- **Task to complete**
Below this line are records; write out exactly the lines from the one containing "AD600Pro Outdoor Flash" through the one containing "WATCH: 'Game Of", with the pictures left out.

[Extracted data entries]

--------------------------------------------------

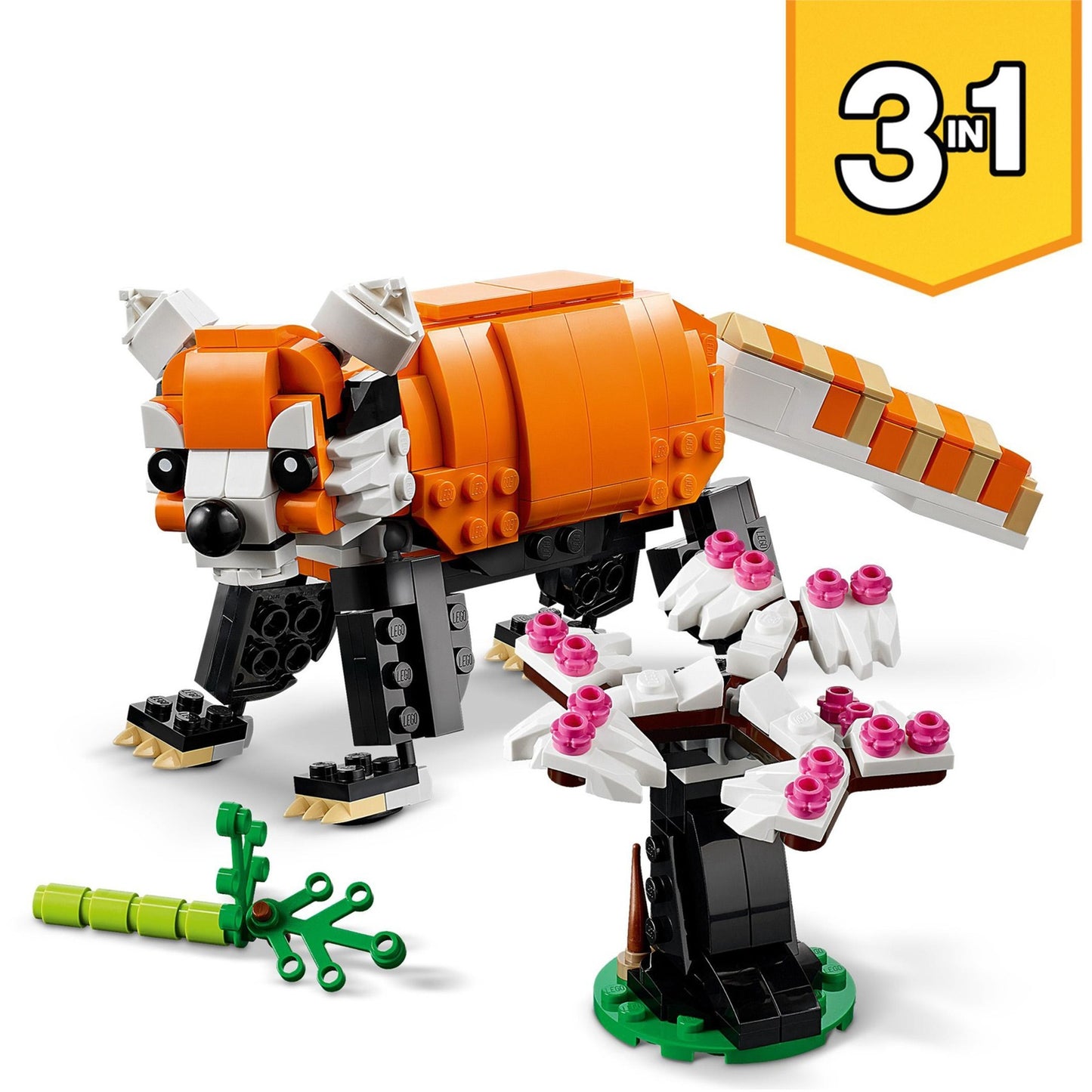 LEGO 31129 Creator 3-in-1 Majestätischer Tiger, Konstruktionsspielzeug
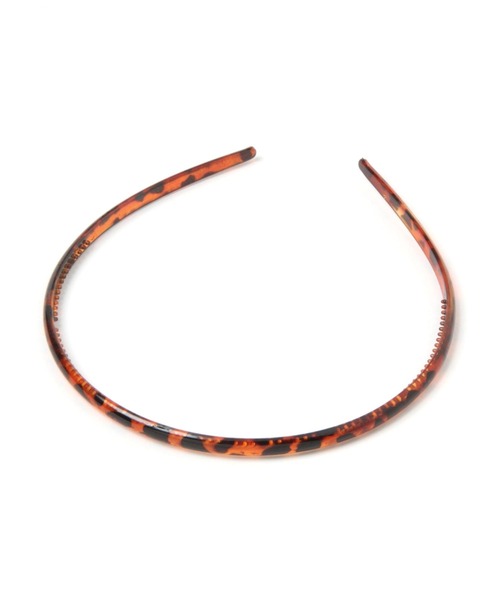 LAKOLE（ラコレ）の「マーブルカチューシャ2点SET / 271727（カチューシャ・レディース・ブラック/ベージュ/ライトベージュ・FREE）」の4枚目の写真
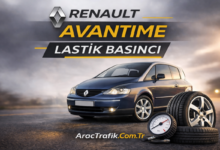 Renault Avantime Lastik Hava Basıncı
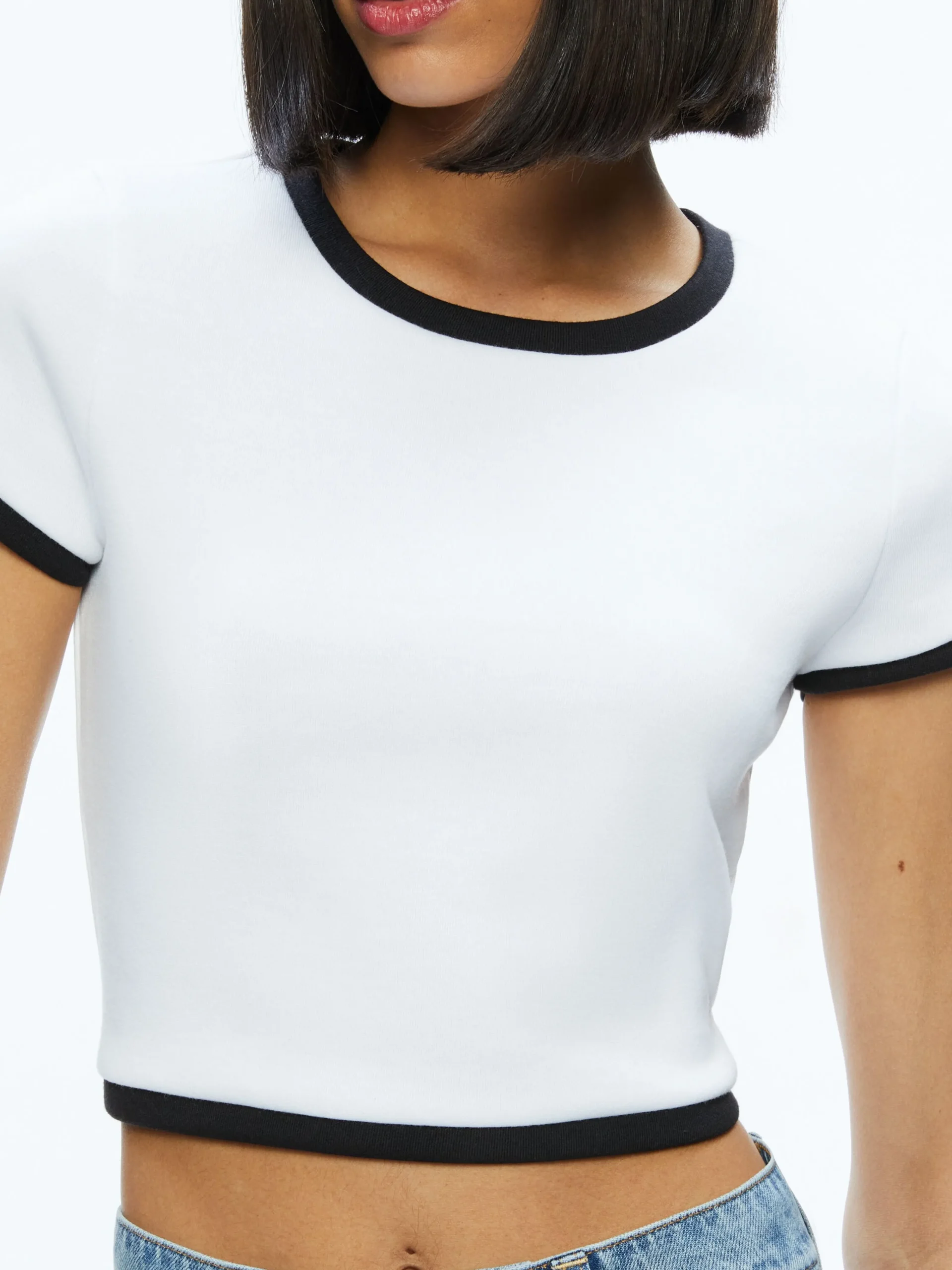 Alice and Olivia ESSENTIALS|TOPS*BABY TEE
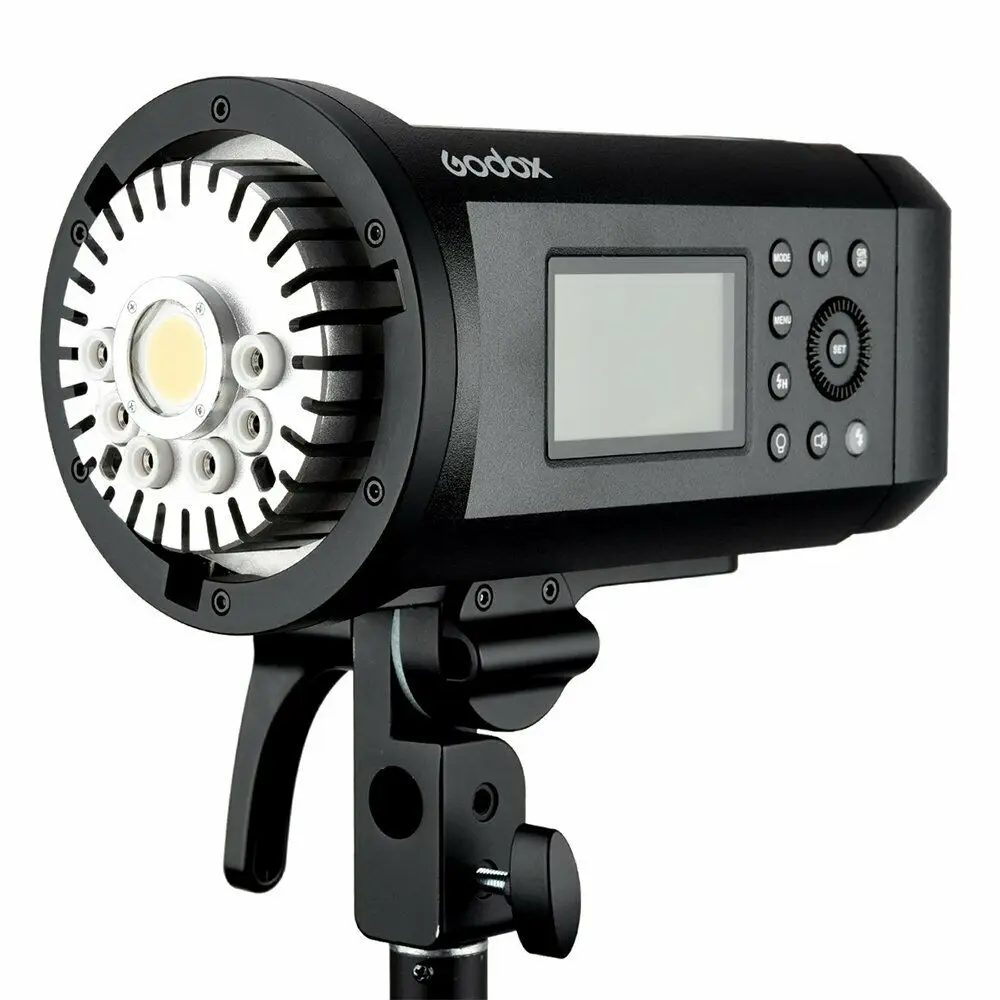 AD600Pro Outdoor Flash Photography strobe lights light for DSLR Video camera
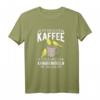 Kanarienvogel Vor Dem Ersten Kaffee T-Shirt – Lustiges Design für Vogelliebhaber und Kaffeegenießer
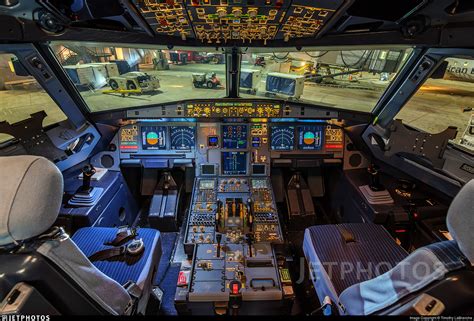 Airbus A320 Jetblue Cockpit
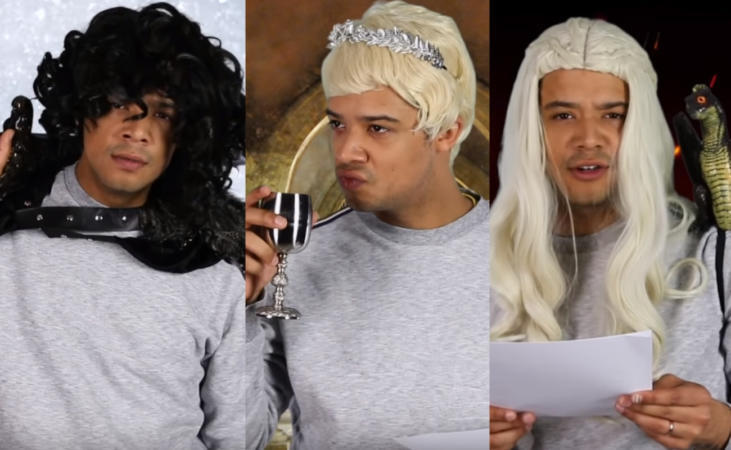 WATCH: 'Game Of Thrones' Star Jacob Anderson Auditioning For Other Characters Is The Best Thing On The Internet Right Now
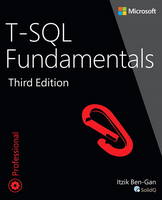 Itzik Ben-Gan - T-SQL Fundamentals (3rd Edition) - 9781509302000 - V9781509302000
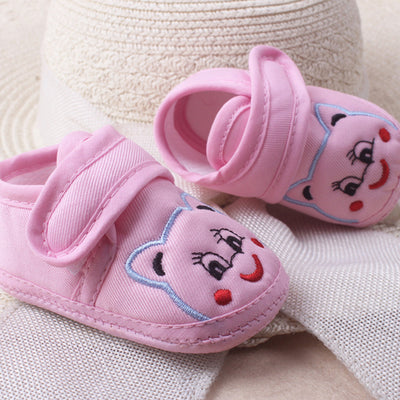 Zapatos Antideslizantes para Bebé y Niño Pequeño con Diseño de Osito - Image 2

--------------------------------------------------

- **Answer to this task**
 AD600Pro Outdoor Flash Photography strobe lights light for DSLR Video camera
 Kanarienvogel Vor Dem Ersten Kaffee T-Shirt – Lustiges Design für Vogelliebhaber und Kaffeegenießer
 Airbus A320 Jetblue Cockpit
 WATCH: 'Game Of Thrones' Star Jacob Anderson Auditioning For Other Characters Is The Best Thing On The Internet Right Now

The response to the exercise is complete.